[[ MATERIAL PROVIDED, beginning ]]
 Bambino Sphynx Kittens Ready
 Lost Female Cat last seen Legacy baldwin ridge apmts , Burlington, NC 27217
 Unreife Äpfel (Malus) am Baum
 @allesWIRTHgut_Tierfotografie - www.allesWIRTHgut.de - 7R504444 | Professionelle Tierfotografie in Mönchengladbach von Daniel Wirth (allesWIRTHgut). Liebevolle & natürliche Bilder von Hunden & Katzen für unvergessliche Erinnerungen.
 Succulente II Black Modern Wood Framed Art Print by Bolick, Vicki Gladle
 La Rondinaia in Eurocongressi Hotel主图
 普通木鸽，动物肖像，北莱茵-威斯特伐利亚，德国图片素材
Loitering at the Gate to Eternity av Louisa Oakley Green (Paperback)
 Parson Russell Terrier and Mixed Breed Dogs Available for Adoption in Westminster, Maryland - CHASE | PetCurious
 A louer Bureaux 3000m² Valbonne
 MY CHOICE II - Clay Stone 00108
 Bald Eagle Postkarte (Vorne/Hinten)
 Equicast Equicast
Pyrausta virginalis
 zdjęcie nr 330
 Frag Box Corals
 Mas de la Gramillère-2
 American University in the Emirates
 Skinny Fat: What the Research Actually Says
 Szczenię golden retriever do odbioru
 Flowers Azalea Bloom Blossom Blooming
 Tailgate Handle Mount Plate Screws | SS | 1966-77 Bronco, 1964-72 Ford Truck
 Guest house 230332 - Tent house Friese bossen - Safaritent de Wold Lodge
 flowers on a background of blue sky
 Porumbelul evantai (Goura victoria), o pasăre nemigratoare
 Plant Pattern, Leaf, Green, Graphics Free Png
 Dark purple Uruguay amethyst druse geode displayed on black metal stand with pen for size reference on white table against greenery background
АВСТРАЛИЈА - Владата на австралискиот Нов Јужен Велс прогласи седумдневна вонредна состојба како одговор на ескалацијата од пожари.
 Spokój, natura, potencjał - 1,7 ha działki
[[ MATERIAL PROVIDED, end ]]
# [TASK PROMPT]
Give back the complete data exactly as supplied.

# [ANSWER FOR THIS EXERCISE]
 Bambino Sphynx Kittens Ready
 Lost Female Cat last seen Legacy baldwin ridge apmts , Burlington, NC 27217
 Unreife Äpfel (Malus) am Baum
 @allesWIRTHgut_Tierfotografie - www.allesWIRTHgut.de - 7R504444 | Professionelle Tierfotografie in Mönchengladbach von Daniel Wirth (allesWIRTHgut). Liebevolle & natürliche Bilder von Hunden & Katzen für unvergessliche Erinnerungen.
 Succulente II Black Modern Wood Framed Art Print by Bolick, Vicki Gladle
 La Rondinaia in Eurocongressi Hotel主图
 普通木鸽，动物肖像，北莱茵-威斯特伐利亚，德国图片素材
Loitering at the Gate to Eternity av Louisa Oakley Green (Paperback)
 Parson Russell Terrier and Mixed Breed Dogs Available for Adoption in Westminster, Maryland - CHASE | PetCurious
 A louer Bureaux 3000m² Valbonne
 MY CHOICE II - Clay Stone 00108
 Bald Eagle Postkarte (Vorne/Hinten)
 Equicast Equicast
Pyrausta virginalis
 zdjęcie nr 330
 Frag Box Corals
 Mas de la Gramillère-2
 American University in the Emirates
 Skinny Fat: What the Research Actually Says
 Szczenię golden retriever do odbioru
 Flowers Azalea Bloom Blossom Blooming
 Tailgate Handle Mount Plate Screws | SS | 1966-77 Bronco, 1964-72 Ford Truck
 Guest house 230332 - Tent house Friese bossen - Safaritent de Wold Lodge
 flowers on a background of blue sky
 Porumbelul evantai (Goura victoria), o pasăre nemigratoare
 Plant Pattern, Leaf, Green, Graphics Free Png
 Dark purple Uruguay amethyst druse geode displayed on black metal stand with pen for size reference on white table against greenery background
АВСТРАЛИЈА - Владата на австралискиот Нов Јужен Велс прогласи седумдневна вонредна состојба како одговор на ескалацијата од пожари.
 Spokój, natura, potencjał - 1,7 ha działki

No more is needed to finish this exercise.